Repeat Offender on State’s Watch List, yet Still Able to Continue Taking Care of Residents
Brius Healthcare is on the state of California’s radar. So why are they still able to accept new residents, continue taking care of existing residents at their facilities, and continue to receive government reimbursements? The problem is that there is no strict governing body that evaluates nursing homes, issues sanctions and fines, and enforces safety so stringently that they will ultimately pull their ability to receive Medicare and Medicaid reimbursement, the largest payer of health care for nursing homes.
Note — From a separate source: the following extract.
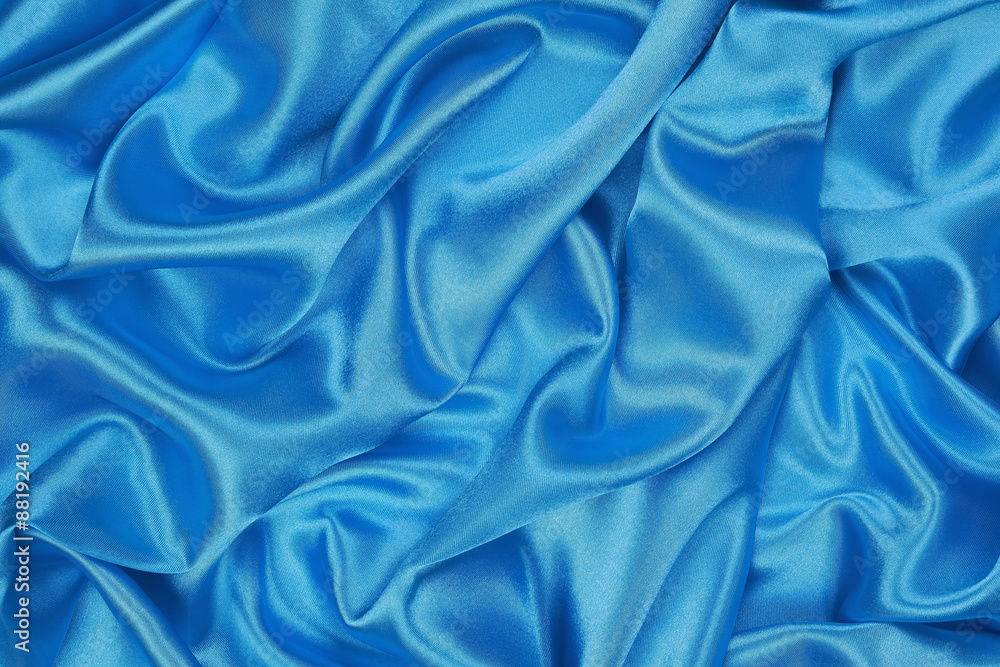 Obraz premium Blue Silk cloth of wavy abstract background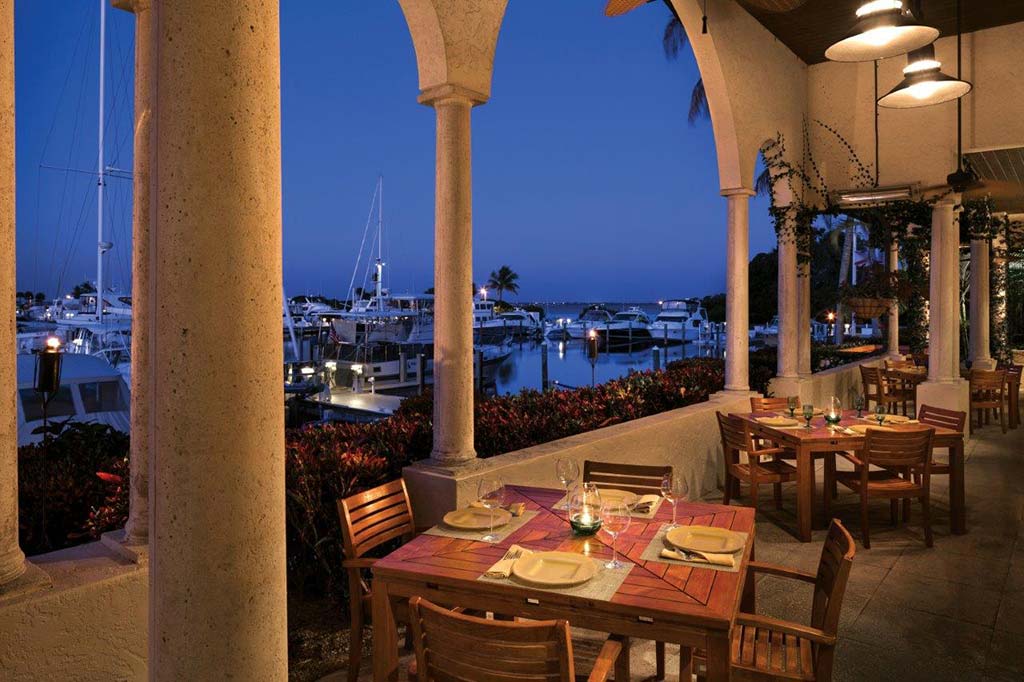 Evening outdoor dining overlooking marina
While the Centers for Medicare and Medicaid Services (CMS) is the federal entity responsible for overseeing nursing homes, they rarely close facilities and strip them of their right to receive federal and state dollars.
In 2016, there were at least 3 wrongful death and 1 nursing home neglect lawsuit against nursing homes owned by Brius Healthcare Services and operated by Rockport Healthcare Services. That same year, the nursing home chain attempted to buy 5 other California nursing homes, but the sale was blocked by the California Department of Public Health. 3 years ago, the chain tried to buy 19 nursing homes and was also prevented from doing so by California’s Attorney General, who cited their history of abuse and neglect as reasons for intervening in the sale.
Most recently, Brius has been under investigation by the state of California for allegedly mishandling hundreds of millions of Medi-Cal reimbursements. Specifically, the nursing home chain is accused of using its affiliated businesses to rent land to their nursing homes at significantly higher prices than the market average. The complex web of nursing home-affiliated businesses is a topic our blog addressed just last week. It is a hush-hush trend that boosts the bank accounts of companies in which a nursing home owner has a vested interest, while appearing to reduce the income and assets of a nursing home. This shrewd financial tactic is often recommended by financial advisors and nursing home defense attorneys as a way of reducing assets and minimizing payouts on lawsuits. Nursing homes who engage in this strategy have been found to have higher rates of abuse and negligence.